> _Task directions_
All pictures must be dropped, while the entries are given again word for word.

Caption-style text data
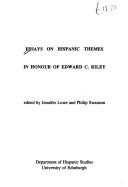 Cover of: Essays on Hispanic themes in honour of Edward C. Riley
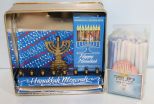 Happy Hanukkah Candles & Candlestick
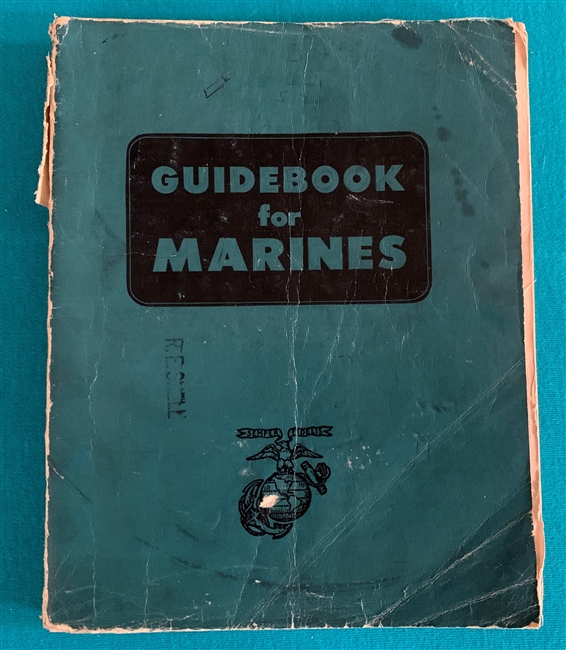 1954  1955 GUIDEBOOK FOR MARINES 4th Revised Edition 1st Printing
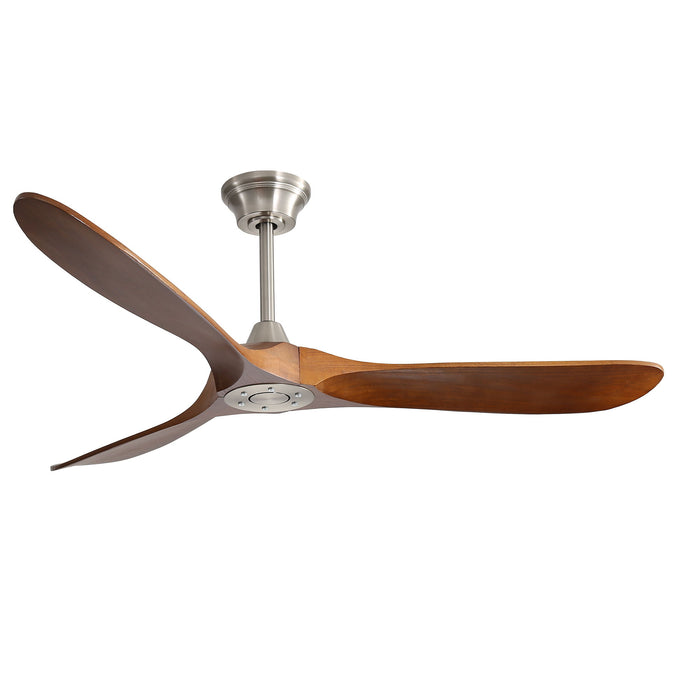60" Outdoor Ceiling Fan Without Light 3 ABS Blade With Smart App Control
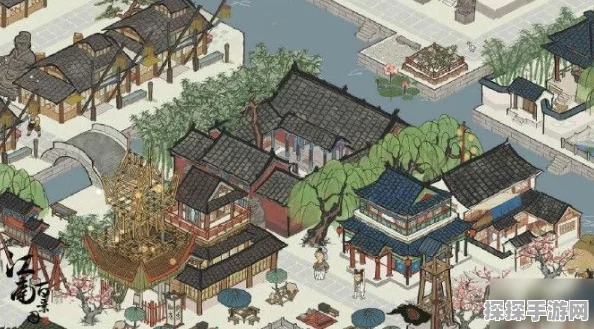 手游探索指南，揭秘江南百景图中毛竹林的所在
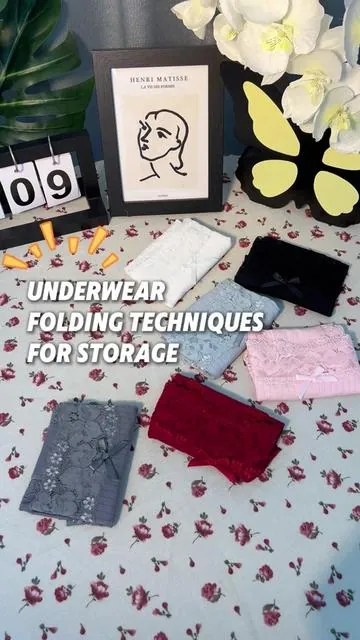 How to fold underwear tidily and usefully! #fyp#foryoupage#underwear#womensunderwear#panties#cottonunderwear#underpants#levao#lace#laceunderwear#comfy#gift#giftideas#tiktokshopfinds#tiktokshop#prom#ootdinspo#summervibes#summer#outdoorfun#tiktokshopmemorialday#tiktokshopcreatorpicks#dealsforyoudays#summertime#summer2025#tiktokshopcreatorpicks#plussize#summeroutfit#summerfashion#bikini#backtoschool#bridesmaids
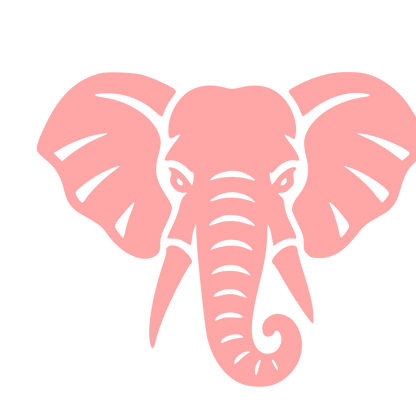 Tattoo Flash Elephant Logo #ffa6a6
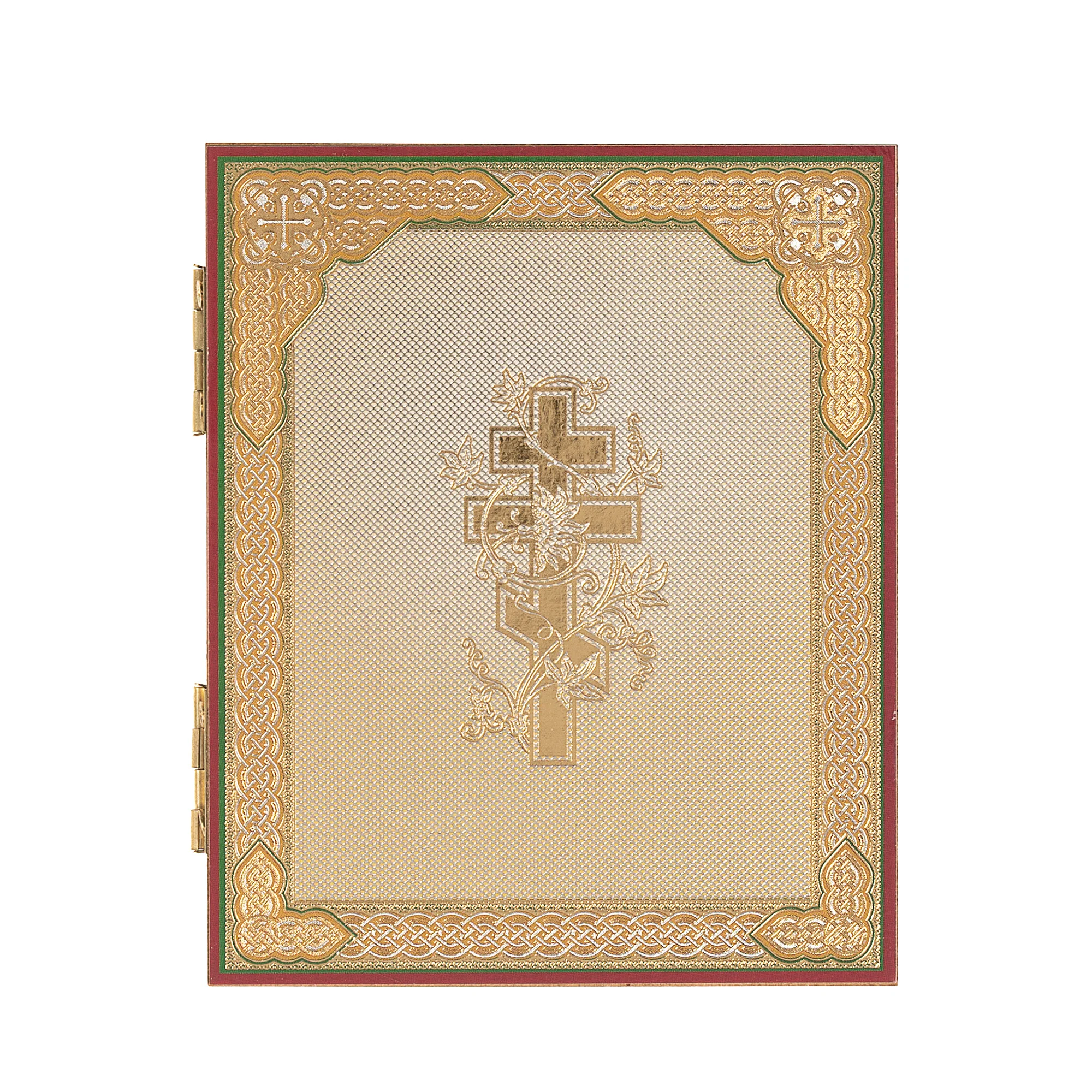 Ukrainian Virgin of Kazan & Christ Pantocrator Icon Diptych - 4.75" x 4" - Image 2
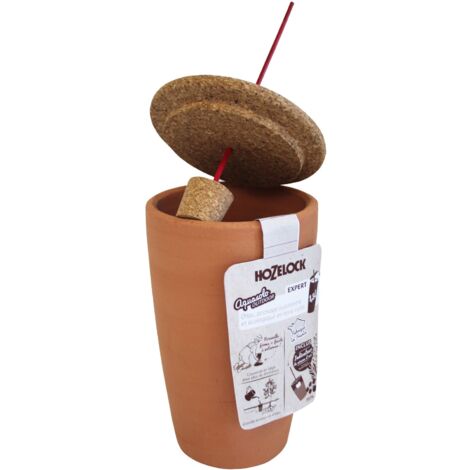 Jardiaffaires – Pot en terre cuite microporeux 1.5l – Arrosage ciblé pour permaculture – Économie d'eau 50% – Design enterré pour potager autonome (1/3)
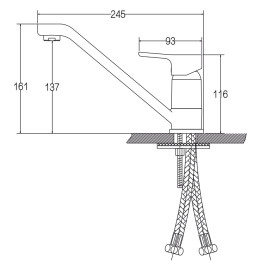 Смеситель KAISER 63033 Vega для кухни 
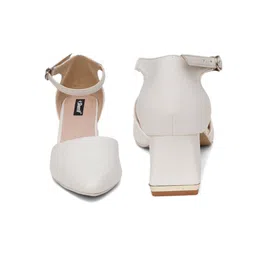 Sherrif Shoes Round Toe Block Heeled Pumps image 5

> _Reply_
 Cover of: Essays on Hispanic themes in honour of Edward C. Riley
 Happy Hanukkah Candles & Candlestick
 1954  1955 GUIDEBOOK FOR MARINES 4th Revised Edition 1st Printing
60" Outdoor Ceiling Fan Without Light 3 ABS Blade With Smart App Control
 手游探索指南，揭秘江南百景图中毛竹林的所在
 How to fold underwear tidily and usefully! #fyp#foryoupage#underwear#womensunderwear#panties#cottonunderwear#underpants#levao#lace#laceunderwear#comfy#gift#giftideas#tiktokshopfinds#tiktokshop#prom#ootdinspo#summervibes#summer#outdoorfun#tiktokshopmemorialday#tiktokshopcreatorpicks#dealsforyoudays#summertime#summer2025#tiktokshopcreatorpicks#plussize#summeroutfit#summerfashion#bikini#backtoschool#bridesmaids
 Tattoo Flash Elephant Logo #ffa6a6
 Ukrainian Virgin of Kazan & Christ Pantocrator Icon Diptych - 4.75" x 4" - Image 2
 Jardiaffaires – Pot en terre cuite microporeux 1.5l – Arrosage ciblé pour permaculture – Économie d'eau 50% – Design enterré pour potager autonome (1/3)
 Смеситель KAISER 63033 Vega для кухни 
 Sherrif Shoes Round Toe Block Heeled Pumps image 5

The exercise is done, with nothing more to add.